With almost perfect consistency, denominations decay in the fear of God and obedience to His Word, and it's the denomination's national structures--their church planting organization, in-house magazine, in-house Christian education publishing arm, in-house college, and in-house seminary that lead that decay. Take the Christian Reformed Church, for instance: anyone who watched its demise through the eighties and nineties had their attention riveted on tthe denomination's magazine, The Banner, and their college and seminary, Calvin College and Calvin Seminary.

Rather than pour a little less than half a million dollars into our denominational magazine each year, let's have the faith to cut byFaith loose and let it stand on its own. If it serves a legitimate need, its subscribers will pay for it.
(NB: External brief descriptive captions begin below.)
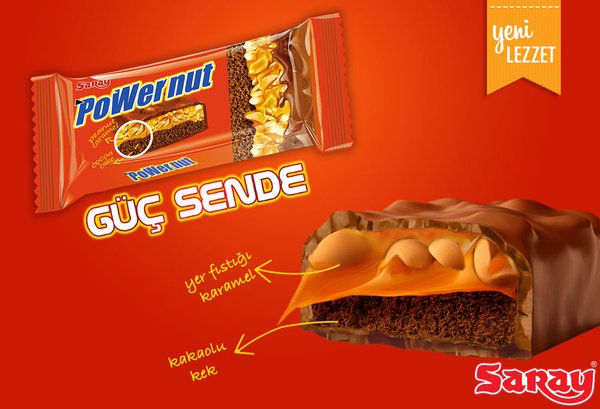 Güç Sende.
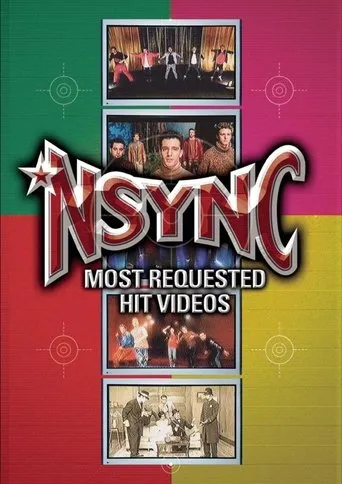 Póster de 'N Sync: Most Requested Hit Videos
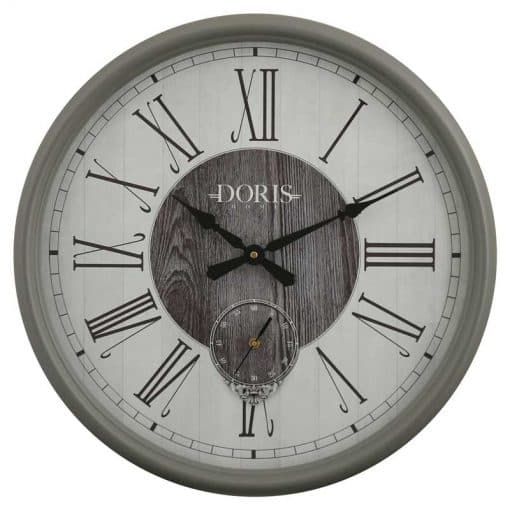 ساعت دیواری چوبی لوتوس DORIS-DH-20260 S — تصویر ۸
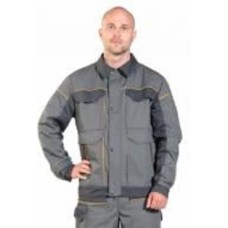Куртка рабочая Ozon К5 Атис р. XXXL рост 3-4 1-106 серый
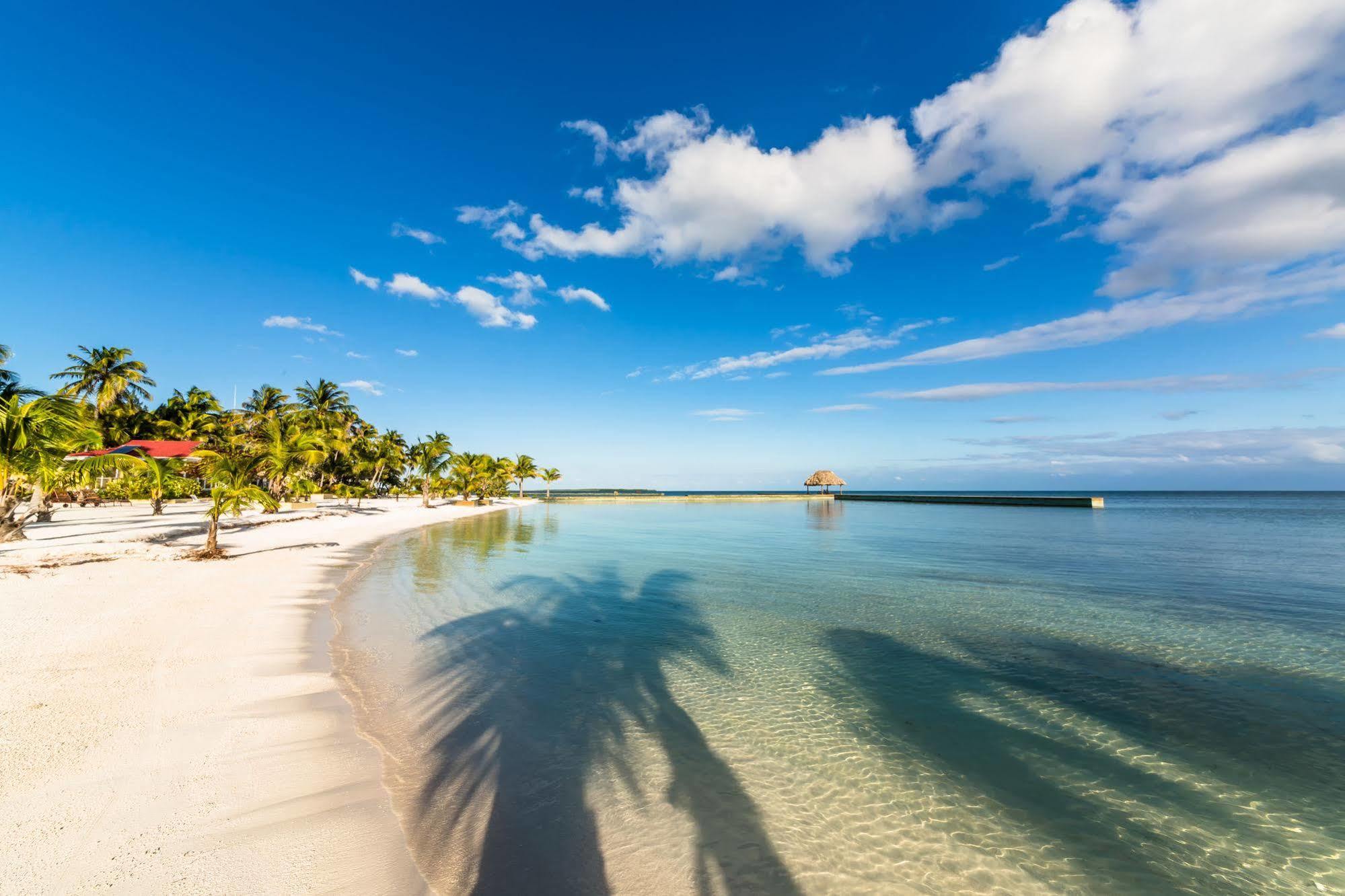 Turneffe Island Resort Turneffe Atoll Екстериор снимка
But what I've seen of its editorial direction has convinced me it's superfluous. (See David's post, "I should pay to be browbeaten?") Let's take a similar approach with Covenant College and Covenant Seminary. If they're serving a legitimate need, they'll have students who will support them. Meanwhile, there's no reason to give them a leg up on their excellent competitors.

Covenant Seminary is no better at training shepherds for our congregations than Reformed Jackson, Reformed Evangelical in Toledo, Greenville, ClearNote Bloomington, Westminster Philly, or New Geneva Colorado Springs.

With fast food joints, car manufacturers, cemeteries, cell phones, colleges, and seminaries, competition is good. Let's discipline Covenant College and Covenant Seminary to compete on a level playing field and may the best man win. If Hillsdale or Grove City or King's or Geneva or New St. Andrews are more trusted by parents, so be it. There are no perks to having in-house educational institutions sufficient to justify the conflict inevitably approaching. There's a moral to the story of the nasty battles being waged in our sister denomination, the Associate Reformed Presbyterian Church, over Erskine College and Seminary right now.

Follow the trajectory: Harvard, Yale, Princeton, Oberlin, Wheaton, Calvin, Erskine, Covenant... We'd do well to let the free market carry out the discipline. Otherwise, put your ear to the ground and you'll hear the hoof-beats of General Assembly battles over boards of trustees approaching.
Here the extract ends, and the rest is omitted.